Todavia, quando se lê a sugerida alteração/retificação do teor da alínea, percebe-se que não está em causa um erro material, mas uma discordância com o teor do facto dado como não provado.
Conforme se pode ler no sumário do Acórdão da Relação de Évora, de 04-07-2006, proferido no Proc. 1349/06-2[2], « [o] erro material dá-se quando o juiz escreveu coisa diversa do que queria escrever, quando o teor da sentença ou despacho não coincide com o que o juiz tinha em mente exarar, quando, em suma, a vontade declarada diverge da vontade real».
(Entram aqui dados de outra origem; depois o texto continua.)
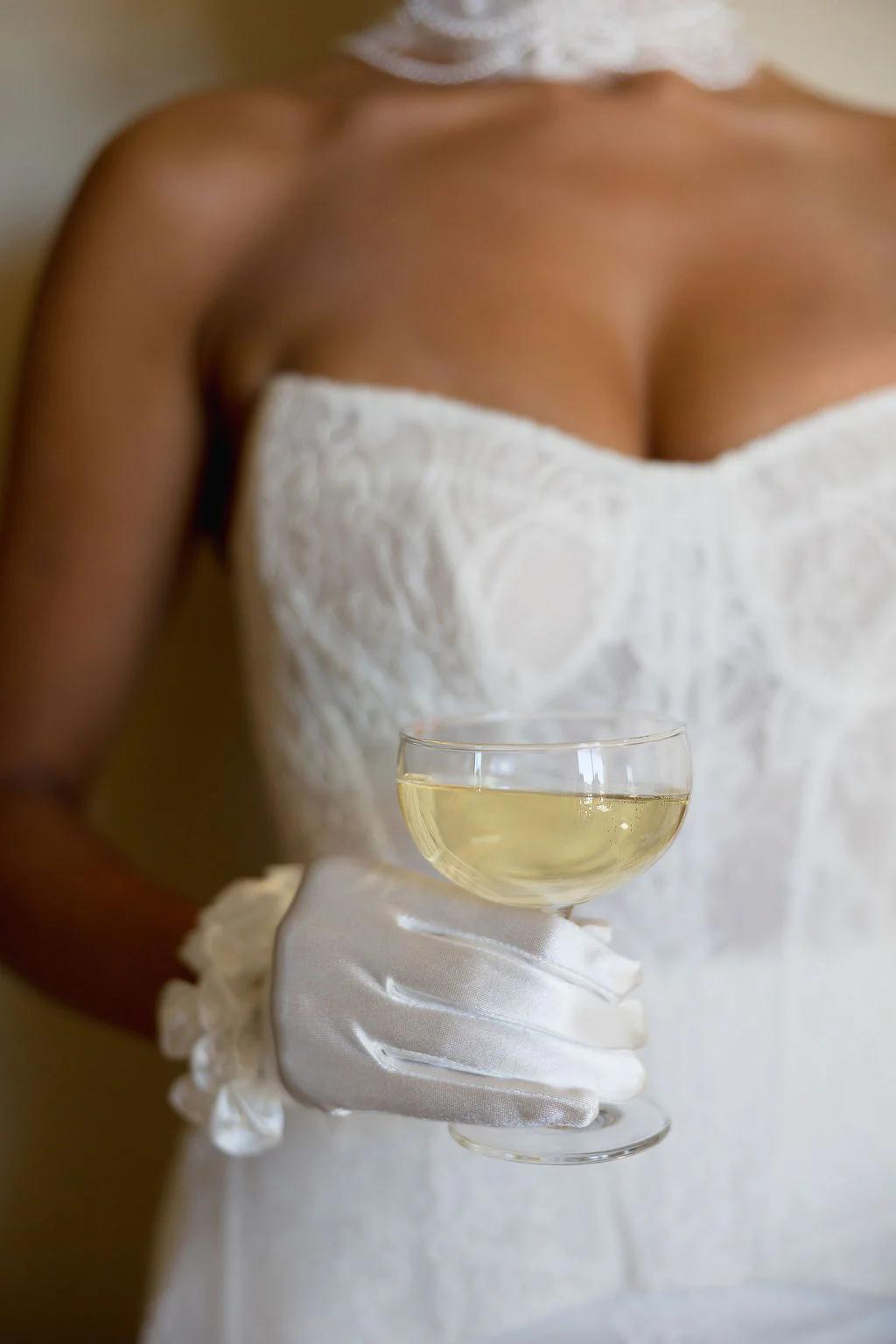 Rosey Gloves - Image 3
Igualmente com interesse, escreveu-se no sumário do Acórdão do Supremo Tribunal de Justiça de 12-02-2009, proferido no Proc. 08A2680[3]: « Há erro material quando se verifica inexatidão na expressão da vontade do julgador, por lapso notório, sendo que a divergência entre a vontade real e a declarada não deve suscitar fundadas dúvidas, antes ser patente, através de outros elementos da decisão, ou, até, do processo. É o equivalente ao erro obstáculo tratado no direito substantivo».
Ou seja, os erros materiais (lapsus calami) a que se refere o artigo 614.º do Código de Processo Civil, correspondem a erros, omissões ou lapsos cometidos pelo juiz, que se revelam evidentes, traduzindo-se numa desconformidade entre a vontade declarada e a vontade real[4].
A 1.ª instância não reconheceu a existência do apontado erro material.
Inexistem elementos que levem a concluir que a alínea B) dos factos não provados contém qualquer erro material, por a vontade declarada divergir da vontade real.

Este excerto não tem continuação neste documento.